Et c’est là que réside le problème : une seule personne, peu importe combien vous l’aimez et lui faites confiance, ne peut jamais répondre à toutes vos attentes et à tous vos besoins. Et ce n’est pas parce qu’elle est la bonne personne pour vous qu’elle fera toujours ce qu’il faut pour vous (ou même ce que vous considérez comme juste). Dans une relation, après de très nombreux mois de séances de harcèlement marathon, j’ai fini par me rendre compte qu’aucun encouragement, aucune supplication, aucune requête ne changerait jamais les choses. Les gens ne changeront pas pour vous – et surtout, vous ne devez pas leur demander de le faire. L’amour, inconditionnel ou autre, ne devrait jamais nécessiter de supplication ou de soumission, quelle que soit la raison impérieuse.
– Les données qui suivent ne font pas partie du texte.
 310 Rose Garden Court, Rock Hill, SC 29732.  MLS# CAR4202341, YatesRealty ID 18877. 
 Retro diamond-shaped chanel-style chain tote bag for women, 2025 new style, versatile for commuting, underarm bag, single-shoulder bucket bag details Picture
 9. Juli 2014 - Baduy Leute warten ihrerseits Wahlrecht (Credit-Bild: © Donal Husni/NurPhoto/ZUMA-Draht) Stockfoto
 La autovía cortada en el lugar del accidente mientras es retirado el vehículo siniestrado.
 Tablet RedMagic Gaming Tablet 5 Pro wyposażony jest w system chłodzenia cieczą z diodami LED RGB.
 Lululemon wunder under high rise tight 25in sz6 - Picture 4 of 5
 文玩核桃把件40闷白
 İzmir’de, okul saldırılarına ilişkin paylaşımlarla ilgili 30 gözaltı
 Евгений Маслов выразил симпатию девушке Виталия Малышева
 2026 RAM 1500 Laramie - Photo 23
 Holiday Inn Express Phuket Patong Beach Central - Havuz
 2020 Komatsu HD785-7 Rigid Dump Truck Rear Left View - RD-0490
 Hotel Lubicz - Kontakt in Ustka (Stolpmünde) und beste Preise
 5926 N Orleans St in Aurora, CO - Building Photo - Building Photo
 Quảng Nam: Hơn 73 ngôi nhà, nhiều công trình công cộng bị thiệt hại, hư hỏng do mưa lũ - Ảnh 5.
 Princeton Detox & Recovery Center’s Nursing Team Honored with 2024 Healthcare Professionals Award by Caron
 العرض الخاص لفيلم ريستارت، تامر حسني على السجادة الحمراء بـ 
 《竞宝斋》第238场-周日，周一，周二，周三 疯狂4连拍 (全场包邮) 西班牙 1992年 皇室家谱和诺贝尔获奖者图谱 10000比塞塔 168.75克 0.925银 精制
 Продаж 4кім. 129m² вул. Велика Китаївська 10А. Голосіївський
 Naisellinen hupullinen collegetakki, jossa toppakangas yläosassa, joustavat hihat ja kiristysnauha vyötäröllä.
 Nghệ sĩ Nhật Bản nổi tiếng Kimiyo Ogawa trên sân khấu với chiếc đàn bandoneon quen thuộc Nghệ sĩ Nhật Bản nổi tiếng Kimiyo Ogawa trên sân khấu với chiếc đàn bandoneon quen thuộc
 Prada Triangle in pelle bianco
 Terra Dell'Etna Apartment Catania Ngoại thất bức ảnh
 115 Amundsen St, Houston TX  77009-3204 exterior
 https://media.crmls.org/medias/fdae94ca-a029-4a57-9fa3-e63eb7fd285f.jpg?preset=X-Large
Un jour, un petit ami m’a accusé d' »aimer me battre avec lui », une déclaration qui ne pourrait pas être plus éloignée de la réalité – ou de la science. En fait, la plupart des femmes méprisent les conflits, affirme la neuropsychiatre Louann Brizendine, auteur de The Female Brain. Lorsque les femmes s’engagent dans une dispute avec un être cher, dit-elle, le cerveau est assiégé par des substances chimiques qui reflètent l’expérience d’une crise d’épilepsie.
La seule chose plus insupportable que de s’engager dans une guerre, dit Brizendine, c’est l’absence de guerre : « Si elle n’obtient pas la réponse attendue, elle persistera jusqu’à ce qu’elle commence à conclure qu’elle a fait quelque chose de mal, ou que la personne ne l’aime plus ou ne l’aime pas. »
Pour une femme plus douée émotionnellement, une persistance du niveau du lapin Energizer est un appel à l’aide, au soutien ou à l’amour tout à fait justifié, mais pour un homme émotionnellement déficient, c’est une attaque cruelle et interminable. Cela semble insensible ? C’est le cas, mais cela fait partie de notre programmation biologique, selon Brizendine : « Les hommes ont l’habitude d’éviter le contact avec les autres lorsqu’ils traversent eux-mêmes une période émotionnellement difficile. Ils traitent leurs problèmes seuls et pensent que les femmes voudraient faire de même. »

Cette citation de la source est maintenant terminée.